First let me say I love his markings! He's pretty.

Second I would pull him in and pick up some condition on him. He's not totally out of sorts, but his hips are not covered and his back is down a bit, so he might need a bit of grain and excercise.

Otherwise - show away - you will do pretty awesome with him I believe!


----------



## txminipinto (Jun 4, 2009)

Who is that? I think I know this pony.....or at least where he came from.


----------



## crponies (Jun 4, 2009)

I've always thought he is a good looking pony, Ashley. I have not really been involved with showing myself but I think he is looking pretty good. You know how to groom him up, he's not super fat or skinny, and he has good conformation no matter if he is in tip-top shape or not. Oh, and Carin, I believe his name is Royal Kuzco.


----------



## muffntuf (Jun 4, 2009)

He does look familiar, at least I thought so. Is that Bar G breeding?


----------



## Ashley (Jun 4, 2009)

HE is Royal Emperor Kuzco.

HE is a hard keeper, he does get grain, and unlimited grass at this point. HE finally just picked up some much needed weight with adding the grass. In the winter he gets grain and unlimited hay, hoping as he ages a bit he will be a bit easier to keep.

I would like more weight on him, but he isn't bad you have to push to feel his ribs.


----------



## Boss Mare (Jun 4, 2009)

He is nice for sure.. with some conditioning and prepping I think it will be a good experience for you guys.. HOWEVER, give me the Paint mare next to him!! <3 her..

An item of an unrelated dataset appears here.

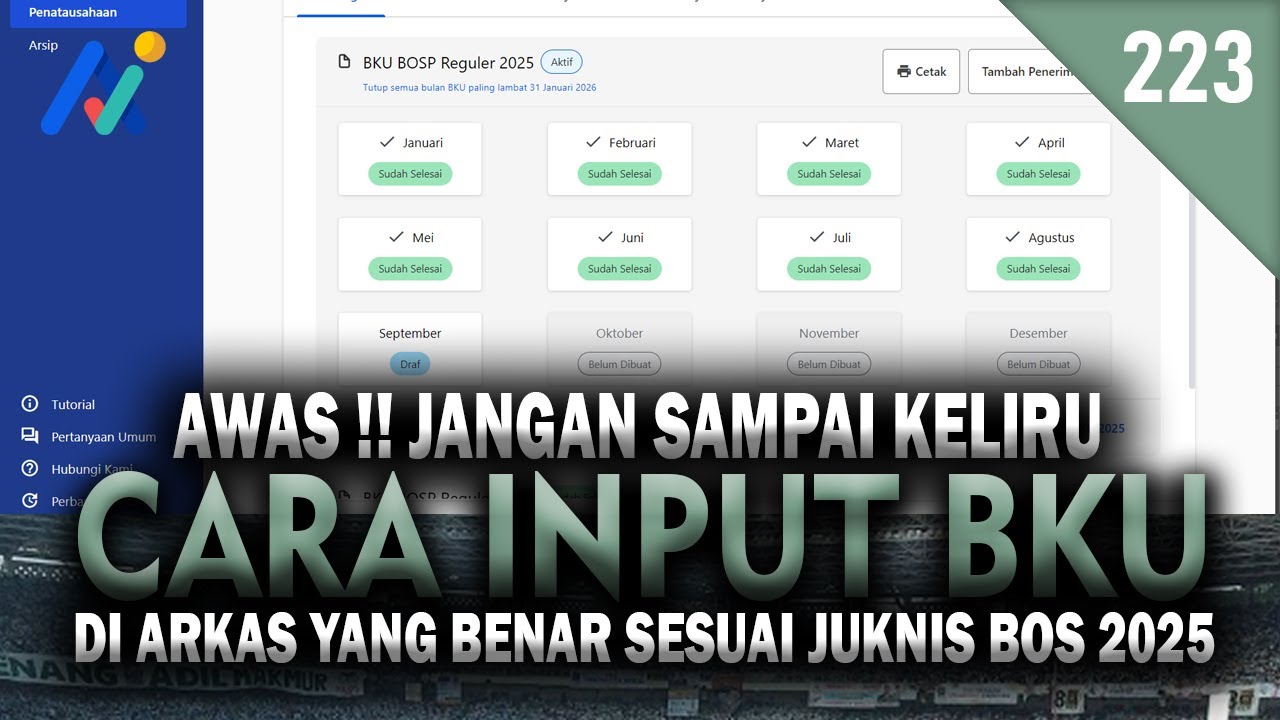 JANGAN SAMPAI KELIRU !! Begini Cara Input BKU ARKAS Yang Benar Sesuai Juknis BOS Terbaru 2025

OH! and Emma is BEAUTIFUL!! We need SOOOOO many more pics.. Congrats ladies 'n lots of love (and hugs!)


----------



## Ashley (Jun 4, 2009)

Boss Mare- That paint mare would love to go live with you(shes actually an appy)! Shes actually Loris horse but I hate her. We do not get along and it makes for feeding and horse work a pain since I am the one that does it all.


----------



## txminipinto (Jun 5, 2009)

Knew I had seen that horse. I would show him.


----------



## Leeana (Jun 5, 2009)

I seen him at Congress in 2007, as i remember he did very well actually. He is no where near condition in these photos but i think with some work he would do very well for you



. He is upright, pretty expression to the face, real necky and looks to be built pretty good but some conditioning feeding (i think beet pulp would do a lot for him) would give you one nice pony. Then agian, i am slightly bias when it comes to Royal ponies ....

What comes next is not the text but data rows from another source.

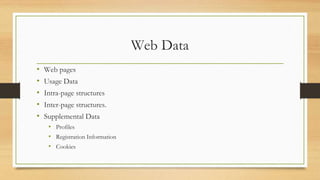 Web Data
• Web pages
• Usage Data
• Intra-page structures
• Inter-page structures.
• Supplemental Data
• Profiles
• Registration Information
• Cookies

I have always liked him a lot


----------



## Ashley (Jun 5, 2009)

I am not for sure if I can go to the show yet or not, but I guess I will start putting him up tonight and see what I can do.

I cant totally take him off grass as the only dry lot I have is where my stallion is, but I would think he would still look good if I change things up a bit.


----------



## maplegum (Jun 10, 2009)

Wow, he is really nice. I'd say go for it even though I don't know anything about shetlands!


----------